Title VI: Alternative Dispute Resolution and Trial · Last amended July 1, 2017 · Last verified July 14, 2026

In one sentenceRule 41 governs how a plaintiff or defendant can end a civil action -- voluntarily by notice, stipulation, or court order, or involuntarily for failure to prosecute -- and specifies which dismissals count as a final adjudication on the merits.

Full Text of Rule 41

Text sizeJump to: (a) (b) (c) (d) (e)

(a) Voluntary dismissal.
(1) By the plaintiff.
(A) Without a Court Order. Subject to Rules 73, and 77(e) and any applicable statute, the plaintiff may dismiss an action without a court order by filing:
(i) a notice of dismissal before the opposing party serves either an answer or a motion for summary judgment; or
(ii) a stipulation of dismissal signed by all parties who have appeared.
(B) Effect. Unless the notice or stipulation states otherwise, the dismissal is without prejudice. But if the plaintiff previously dismissed any state or federal court action based on or including the same claim, a notice of dismissal operates as an adjudication on the merits.
(2) By court order; Effect. Except as provided in subsection (a)(1), an action may be dismissed at the plaintiff's request only by court order, on terms that the court considers proper.
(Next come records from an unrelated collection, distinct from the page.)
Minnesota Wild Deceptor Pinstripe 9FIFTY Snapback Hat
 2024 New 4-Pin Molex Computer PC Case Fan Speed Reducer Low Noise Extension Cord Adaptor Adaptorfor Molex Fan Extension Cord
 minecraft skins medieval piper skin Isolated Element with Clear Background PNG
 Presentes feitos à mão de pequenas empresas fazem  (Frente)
If a defendant has pleaded a counterclaim before being served with the plaintiff's motion to dismiss, the action may be dismissed over the defendant's objection only if the counterclaim can remain pending for independent adjudication. Unless the order states otherwise, a dismissal under this subsection (2) is without prejudice.
(b) Involuntary dismissal; Effect.
(1) Failure to prosecute or comply with rules. If the plaintiff fails to prosecute or to comply with these rules or a court order, a defendant may move to dismiss the action or any claim against it.
(2) Dismissal in court trial. In an action tried without a jury, after presentation of plaintiff's evidence, the defendant, without waiving the right to offer evidence in the event the motion is not granted, may move for a dismissal on the ground that upon the facts and the law the plaintiff has shown no right to relief. The court may then determine the facts and render judgment against the plaintiff or may decline to render any judgment until the close of all the evidence. If the court renders judgment on the merits against the plaintiff, the court must make findings as provided in Rule 52.
(3) Effect of dismissal. Unless the dismissal order states otherwise, a dismissal under this subsection (b) and any dismissal not under this rule, except one for lack of jurisdiction or failure to join a party under Rule 19, operates as an adjudication on the merits.
(c) Dismissing a counterclaim, crossclaim, or third-party claim. This rule applies to a dismissal of any counterclaim, crossclaim, or third-party claim. A claimant's voluntary dismissal under Rule 41(a)(1)(A)(i) must be made:
(1) before a responsive pleading is served; or
(2) if there is no responsive pleading, before evidence is introduced at a hearing or trial.
(d) Costs of a previously dismissed action. If a plaintiff who previously dismissed an action in any court files an action based on or including the same claim against the same defendant, the court:
(1) may order the plaintiff to pay all or part of the costs of that previous action; and
(2) may stay the proceedings until the plaintiff has complied.
(e) Dismissal of inactive cases. Any action, appeal or proceeding, except for guardianships, conservatorships, and probate proceedings, in which no action has been taken for a period of 90 days may be dismissed unless there is a showing of good cause for retention.
(1) Dismissal pursuant to this rule is with prejudice in the case of appeals and without prejudice as to all other matters.
(2) At least 14 days prior to such dismissal, the clerk must give notice of the pending dismissal to all parties or their attorneys of record.

Amendment History

(Adopted March 1, 2016, effective July 1, 2016; amended May 5, 2017, effective July 1, 2017.)

Plain-English Summary

Rule 41 lets a plaintiff walk away from a case without a fight, but only within limits. Before the other side answers or moves for summary judgment, a plaintiff can dismiss by filing a simple notice, or at any point if every appearing party signs a stipulation. That kind of dismissal is without prejudice -- unless the plaintiff already dismissed the same claim once before, in which case the second notice of dismissal counts as a decision on the merits and blocks a third try. Once the case has moved further along, dismissal at the plaintiff's request needs a court order, and if the defendant has already filed a counterclaim, the court cannot dismiss the plaintiff's claims over the defendant's objection unless that counterclaim can still be resolved on its own.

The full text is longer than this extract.